Matthias Schwab, 12th at Wentworth and 15th at Valderrama, and Dunhill Links winner Danny Willett, who doesn’t get into contention much but knows what to do when he does, look, along with Fitzpatrick, the pick of the Euro raiders.
But my main bets will be one American old-timer, Brian Gay, and two that will be new names to many, Mito Pereira and Hayden Buckley.
Course specialist Gay, shortly eligible for the Champions Tour, won this last year totally out of the blue. Don’t worry that his recent form is feeble. It was just as unimpressive going into last year. He had missed 15 out of 19 cuts before beating Wyndham Clark in a Port Royal playoff to end a seven-year win drought.
He doesn’t hit it far enough to win on many courses these days but can cope with the bombers on this one. Third to an inspired Brendon Todd in 2019 and first last year tell you 80/1 could be on the generous side. Gay can show an incredible touch on the greens when he finds a course where he feels he has a chance.
If you’re looking for in-form golfers, then Buckley, in the early stages of his main-tour career, has hit the ground running, shooting 37-under for his last two outings, fourth in Mississippi and eighth in Las Vegas. A Challenge Tour winner last year, this tidy Tennessee trier is going places.
Chilean Pereira earned battleground promotion by winning three times last year on the Challenge Tour and was the surprise package in the Olympics when just out of the medals in a tie for fourth after losing out in a massive playoff for bronze.
Fifth in the Barbasol on only his sixth main-tour start, this 26-year-old opened the new season with third at the Fortinet and two steady subsequent efforts. He must be a serious contender at this level and will be my main bet at 20/1.
Also short-listed are South Africans Christiaan Bezuidenhout and Garrick Higgo, the latter already a winner on the PGA Tour and sensational in two Canary Islands victories on short courses early in the year. But he’s been finding life tougher recently.
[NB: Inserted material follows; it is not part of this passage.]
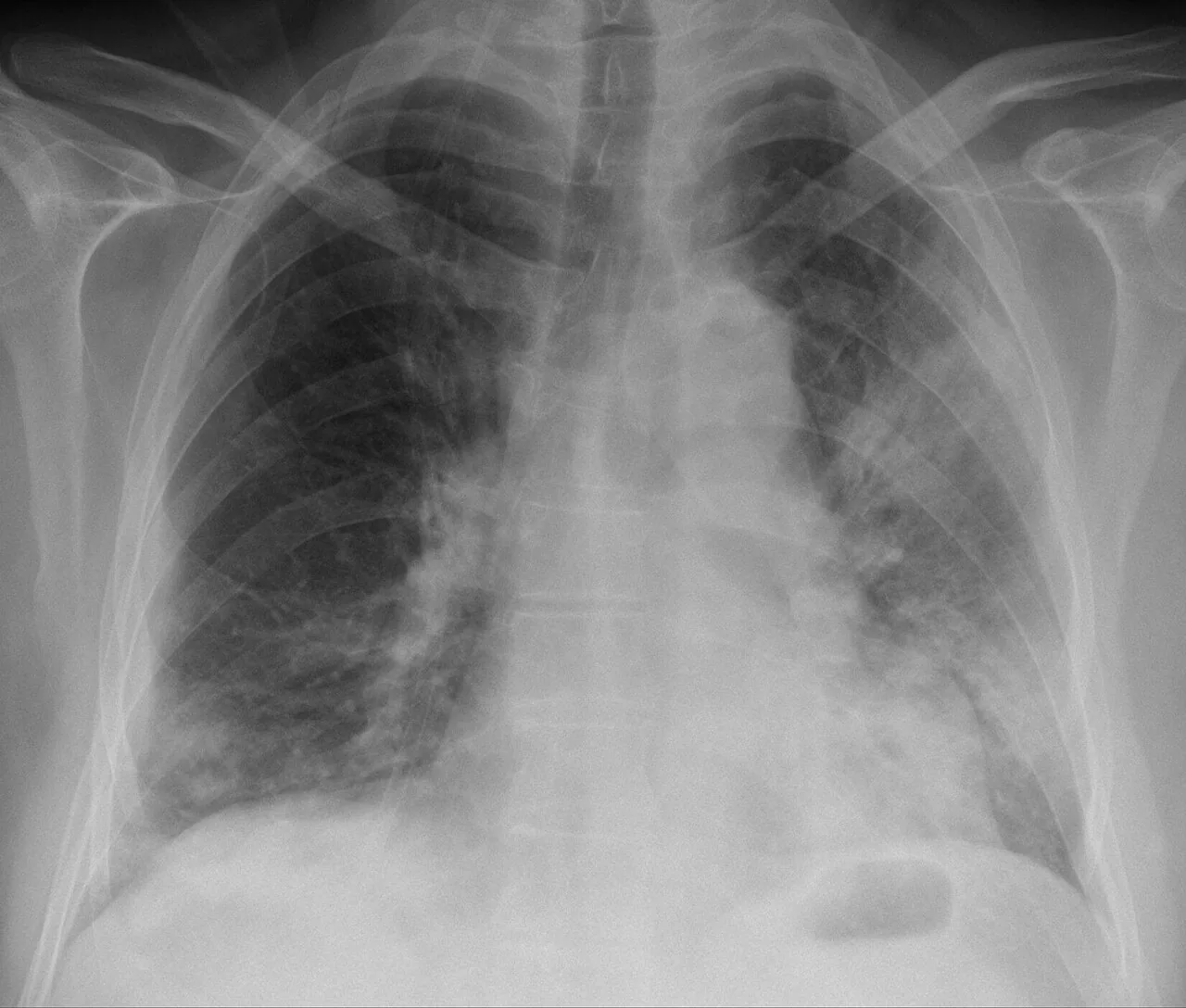 Chest radiograph for self-assessment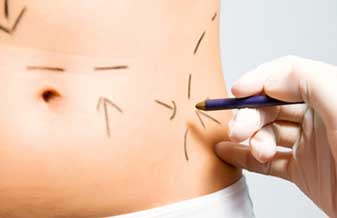 Murillo Caldeira - Foto 1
On his Wentworth form, Kiradech Aphibarnrat, who would have won Europe’s flagship BMW PGA Championship last month but for hitting his second shot at the 71st hole into somebody’s garden, is tempting at 66/1. The Thai has Bermuda form, 11th last year, and can be a birdie machine.
Hank Lebioda, joint third here with Gay two years ago and a fabulous putter, will be a factor if reproducing an early-summer golden spell that reads fifth, fourth and eighth, while new kid on the block Sahith Theegala led for most of the way in Mississippi before fading to eighth and the experience of leading a tournament for so long so early in his career will make him a better player.
The other live TV tournament is the Dubai Moonlight Classic on the Ladies European Tour where the Thai sisters Ariya and Moriya Jutanugarn, big names on the LPGA circuit, have young compatriot Atthaya Thitikul, already a four-time winner at 18, the undoubted star of the LET circuit and a surefire future world No. 1, to beat in a fascinating contest. They could well finish 1-2-3 in a Thai takeaway.